Photo:Penske Entertainment
「今日は方向性が見えていたので
行けるかなと思っていました」
ジャック・アマノ(以下――):プラクティス1、プラクティス2、予選とマシンのセッティングがスムーズに進歩してきているのでしょうか?
佐藤琢磨:やっぱり去年このコースで良かった、ベースがこのチームにはあると思います。今回は元々持ってきたクルマのレヴェルがそこそこあった。もちろん、環境は毎年変わってしまうわけですから、それに対してマシンを合わせ込まなきゃいけないワケだけど、走り出しのプラクティス1から、ピットに入る度にマシンの感触を良くして行くことができています。あとは好タイムを出すことのできるクルマ作り。今日は少し方向性も見えていたので、予選に向けてはもちろんいつも上位を狙っているんだけど、今日は”行けるかな?”って思っていました。
――今シーズンでは一番良い感じになっているんですね?
佐藤琢磨:はい。手応えとしては一番のものを感じてました。
「レッドが1周しかもたないことはわかっていました」
――プラクティス2よりさらに暑いコンディションとなりましたが、路面は滑り易くなっていましたか?
佐藤琢磨:そうですね。アウト・ラップの次の1周でのアタックしか好いタイムは無理っていう状況になってしまってました。そこにタイヤの内圧やタイヤのウォーム・アップも含めて、うまく合わせ込まなきゃならないっていう難しさがありました。
――1周しかグリップが持たないだろうっていういのは、予選が始まる前からわかってたんですか?
佐藤琢磨:プラクティスを走った感触からそれは見えていました。
――プラクティス2でレッド・タイヤを履いた時は、アタック1周目がベストで、次の2周目にそれを更新していたようでしたが?

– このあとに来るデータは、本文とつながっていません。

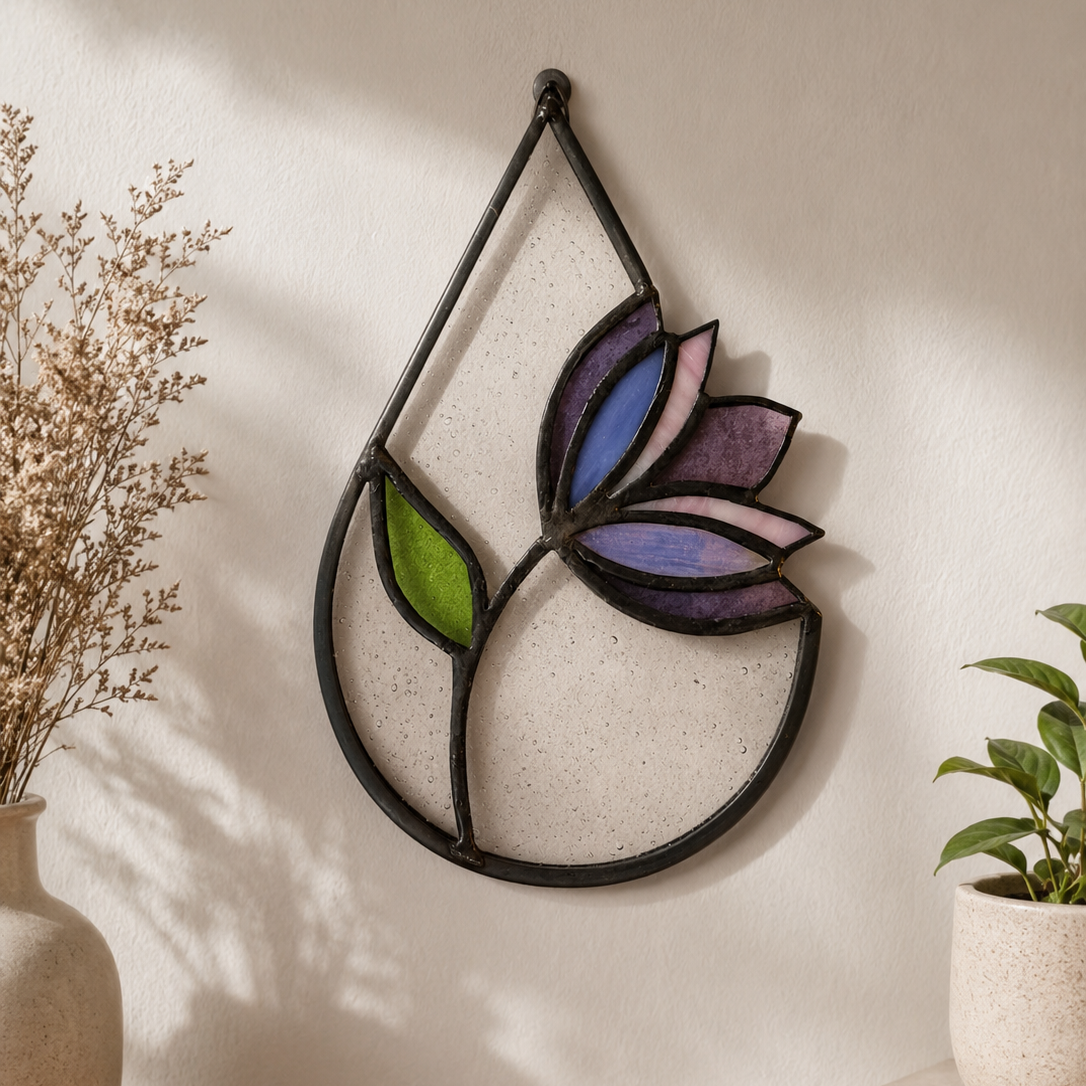 Decorative wall art with a colorful leaf design on a plain wall.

佐藤琢磨:プラクティスではピット・アウトしてからの3、4周目になってましたけどね(レッドを装着してすぐのアウト・ラップでレッド・フラッグが出され、仕切り直しとなったため)。エンジニアはベストを重ねて出せる可能性もあるって言っていたけれど、自分としては1周目しかないって思ってました。一応、何があるかわからないから、もう1周アタックしたけれど、やっぱりダメでしたよね。ブラックでさえ(好タイムが出せるのは)1周目だったから。
「ちょっとクルマの動きが良くなかったのは悔しい」
――その1周限りのアタック、ドライヴィングはどうでしたか? 自ら評価すると?
佐藤琢磨:ドライヴィングにはいつも満足してるんだけど(笑)、悔しいのは、ちょっとクルマの動きが良くなかったところでしたね。去年のセッティングのままではダメだったので、この間のバーバー・モータースポーツ・パークでのレース・ウィークエンドに見つけた方向性というか、他のチームがやっているであろうことをちょっと真似しようとしました。エンジニアたちもこの1週間に色々考えて、新しいスペックを今回のレースに持ってきたんだけど、結局、シェイカーでのテストも時間的な問題があってできていないし、実走テストもできていない。そういう、無理矢理取って付けたようなものだから、すぐさま通用させるのって無理ですよね。千分の1、1万分の1秒を争ってる世界にそういうのをぶっ込んでもなかなかうまくはいかない。だから、ちょっとこう……とげとげしい走りになっていましたね。
――とげとげしい、というのは?
佐藤琢磨:じゃじゃ馬感がすごかった。
――あと少しの安定感があれば、もっと速く走れた。
佐藤琢磨:そうでしたね。なんかこう、持ってる力を使い切れてないって感じでした。チームメイトのデイヴィッド・マルーカス、だから今日はとても苦労してましたよね。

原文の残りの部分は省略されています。